CHICAGO — It’s not like hockey, where a big early hit can set the tone for a game and release frustration from a lingering tough loss.
But mother-bleeping an umpire by a disgruntled coach before the first pitch? Why not?
Prior to Wednesday’s 9-5 win over the White Sox here at Guaranteed Rate Field, Blue Jays hitting coach Guillermo Martinez took one for the team — and a group of hitters still frustrated from a loss the previous night.
Martinez went to home plate under the guise of submitting the lineup card and instead gave the umpiring crew — and especially Tuesday’s home plate ump, Doug Eddings — an earful.
Martinez got tossed for his antics and anger but the fired-up Jays bats took over from there, with pent-up anger unleashed in an impressive victory that would have been a legit blowout until a late rally by the Sox made things somewhat interesting.
“I know some guys were a little bit fired-up,” said Jays shortstop Bo Bichette, who might have been among them, given his grand slam that broken open the game in the fourth inning. “It was unexpected. for sure.”
And apparently it worked.
Thanks to the Bichette bomb — an inning after a solo shot from Alejandro Kirk got the fun started — the Jays avoided a sweep at the hands of the White Sox. And it was especially gratifying for Bichette, who the previous night had repeatedly slammed his helmet in frustration in the Jays dugout.
“That used to be who I was when I was younger,” Bichette said of the outburst. “Sometimes you have to let it out.

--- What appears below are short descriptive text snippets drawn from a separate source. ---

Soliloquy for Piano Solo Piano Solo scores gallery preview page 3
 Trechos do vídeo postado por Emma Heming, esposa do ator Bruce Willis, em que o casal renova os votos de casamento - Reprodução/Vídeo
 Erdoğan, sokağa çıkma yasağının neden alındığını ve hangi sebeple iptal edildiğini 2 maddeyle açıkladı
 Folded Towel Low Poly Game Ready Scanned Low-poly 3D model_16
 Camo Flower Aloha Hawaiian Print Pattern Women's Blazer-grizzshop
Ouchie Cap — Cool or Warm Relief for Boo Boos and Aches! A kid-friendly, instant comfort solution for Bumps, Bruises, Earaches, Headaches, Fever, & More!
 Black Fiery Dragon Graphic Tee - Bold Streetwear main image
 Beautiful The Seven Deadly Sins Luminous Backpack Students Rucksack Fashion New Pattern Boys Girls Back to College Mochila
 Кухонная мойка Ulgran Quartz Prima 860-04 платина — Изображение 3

“(Wednesday was) huge. Proud of the guys to come out here after a tough night and (short) turnaround. To come out here and score quick and score a lot was good to see.”
The power on display in Wednesday’s matinee — which also included a massive two-run shot from Teoscar Hernandez in the seventh inning — was welcome, especially for a Jays team that had lost six of its previous eight, a slip that had erased some of its stranglehold on top spot in the AL wild-card race.
The Jays belted out 13 hits in total, regaining the offensive form that had been on display in recent weeks. It was also perfect timing for an outburst to support a pitching staff that was run through the wringer the previous night.
It certainly helped that the Jays got just what they needed from starter Ross Stripling, who allowed five hits over six innings and only one run. The right-hander had five strikeouts while throwing a season-high 87 pitches.
“Playing with urgency,” Stripling said when asked to explain his team’s response to the tough loss on Tuesday. “Forgetting the one the night before, even if it is tough … try to flush it and come out with good energy the next day. I felt we were able to do that.
“The offence was pretty relentless and I was able to go out and throw zeros and keep the momentum in our dugout.”
Aside from the Martinez histrionics — which were well-received in all corners of the clubhouse — manager Charlie Montoyo said it was another strong show of resiliency by his team, which will enjoy an off-night in Chicago before travelling to Milwaukee to face the Brewers in a three-game series beginning Friday.
“Bo and everyone else … it was great to see the mindset this morning,” Montoyo said. “Everyone said let’s go and turn the page. That’s not easy to do for young guys but we do a good job of that.”
After leaving Tuesday’s game with what the team called forearm discomfort, centre fielder George Springer was held out of the lineup on Wednesday.
No official word on his return as the team was evaluating imaging taken on Springer’s arm prior to Wednesday’s game, though there is clearly some concern In his place, Raimel Tapia started in centre.
“There’s always concern whenever anyone goes for an MRI,” Montoyo said. “Hopefully, it’s not that bad.”
More injury news after the game came when it was revealed that reliever Yimi Garcia was unavailable due to let side discomfort.
AROUND THE BASES
The Jays could have made life far easier on themselves in this one, but instead, with a 9-1 lead, let the home side get much too close for comfort. It was a rough eighth inning for reliever Adam Cimber, who allowed three runs across and exited with the bases loaded, just one out and the Sox within four. But Trent Thornton came in to induce a couple of outs to squelch the rally … It was another big game for Kirk, the darling of all-star game voting. After an RBI single in the first, the catcher blasted his seventh homer of the season in the third … There is still some concern with the Jays pitching staff, of course. The weary group allowed double-digit hits for the third consecutive contest.
Though he’s yet to flash his top form, the Jays first baseman Vlad Guerrero Jr. nabbed his first AL player of the week of the season on Tuesday
Guerrero hit .407 on the week with three homers and seven RBIs over seven games to capture the weekly honour for the fourth time in his career.
But what about the MVP talk? It’s considerably more muted than it was last year. In fact, sports book bodog.ca has Guerrero listed at odds of 25-1, the seventh choice. Aaron Judge, who is having a stellar season with the Yankees, leads at minus-135 followed by Angels’ Mike Trout and Shohei Ohtani, each at 5-1.